Eight hours on site to ensure the mobilization of the State in Guyana. Prime Minister Jean Castex is expected this Sunday in this French territory of South America facing the galloping epidemic of coronavirus. Flights between Guyana and the rest of France are also prohibited (with some exceptions) since this Saturday.
What is the health situation in Guyana?
It is "worrying", as the General Directorate of Health and Public Health France regularly reminds us. This Saturday, 5,949 cases of confirmed coronavirus and 26 deaths have been recorded there since the start of the pandemic. 130 people are currently hospitalized, including 23 in intensive care. The territory, still under a health emergency (like Mayotte), expects to experience the peak of the epidemic during the second half of July.
# COVID19
ℹ📝 CovidInfo of July 11
➡️ 245 positive cases out of 1188 tests carried out.
ℹ 3 deaths to be deplored at @ CHCayenne973.
📍174 Cayenne Island
📍1 Grand-Santi
📍16 kourou
📍22 Macouria
📍5 Mana
📍3 Montsinéry
📍1 SGO
📍23 SLM
Strength and courage to loved ones and caregivers. pic.twitter.com/J3C2mWwO9H
The authorities fear in particular the repercussions on the already fragile health system of the very critical situation in neighboring Brazil, which has been badly affected. The three hospitals in the territory - the Cayenne, Kourou and western Guyana hospitals - already mobilized for patients victims of leptospirosis or dengue, launched their white plans last weekend.

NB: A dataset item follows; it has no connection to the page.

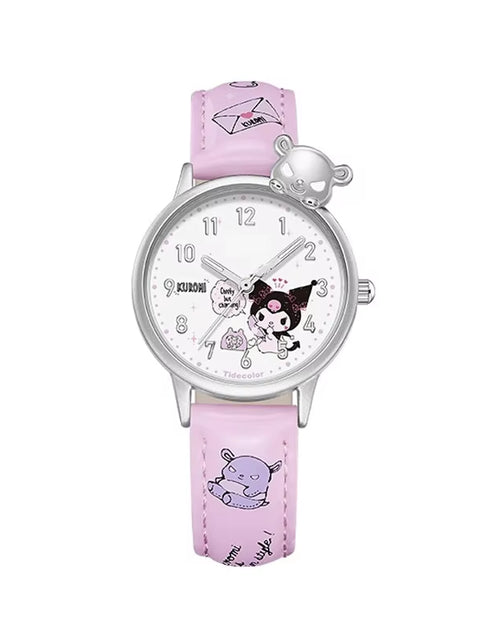 Load image into Gallery viewer, Girls Watch Cute Kuromi Cinnamoroll Quartz Casual Fashion Watch Women Children Birthday Gift Waterproof Watch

VIDEO. In Guyana, “people are hungry”, Médecins du monde alert
Several medical evacuations of patients have been carried out to Guadeloupe and Martinique, but the lack of places in West Indian hospitals are starting to be felt, said the director of the Regional Health Agency (ARS) Clara de Bort. To curb the epidemic, targeted reconfinement measures in certain districts or communes have been put in place, and a curfew is in force.
Why is Jean Castex going there now?
For his first trip to Overseas since his appointment in Matignon on June 3, the Prime Minister wants to “embody territorial continuity” and recall that “Guyana is a territory of the Republic like any other”, where “the services of the "State and government are mobilized", according to those around him.
"I come [...] with the desire to prepare France for a possible second wave" but "by preserving economic life, social life", warned Jean Castex on Wednesday.
What is planned during his visit?
Jean Castex, accompanied by the Minister of Overseas Sébastien Lecornu and the Minister of Health Olivier Véran, must arrive at 10 a.m. (3 p.m. Paris time).
Political Newsletter
Every day, the political news seen by Le ParisienI'm registering
Your email address is collected by Le Parisien to allow you to receive our news and commercial offers. Find out more
The delegation will notably go to Cayenne, to the interministerial crisis center which has just been installed under the orders of crisis director Patrice Latron, who arrived Thursday from Paris. The Prime Minister must also meet hospital staff and elected officials.
What are the residents asking for?
Population and elected officials regularly demand the opening of a military field hospital which was already mobilized in Mulhouse and Mayotte during the crisis and has resuscitation beds. Impossible according to the Minister of Health, because it is a structure "which takes a long time to be dismantled, transported and reassembled". For the moment, only one field hospital for civil security has been installed at the Cayenne hospital center to receive non-Covid patients.
The Prime Minister is notably expected by the Mayouri Santé Guyane collective, made up of the main militant and political forces behind the great social movement of 2017, which calls for additional measures and means against the epidemic, and in particular a greater number of tests. .
The ex-overseas minister Annick Girardin, who came at the end of June with health reinforcements, had launched a call for national solidarity to bring in more carers, estimating that a total of 300 additional reinforcements were needed to increase the number of beds in intensive care, very low (thirty on Cayenne currently).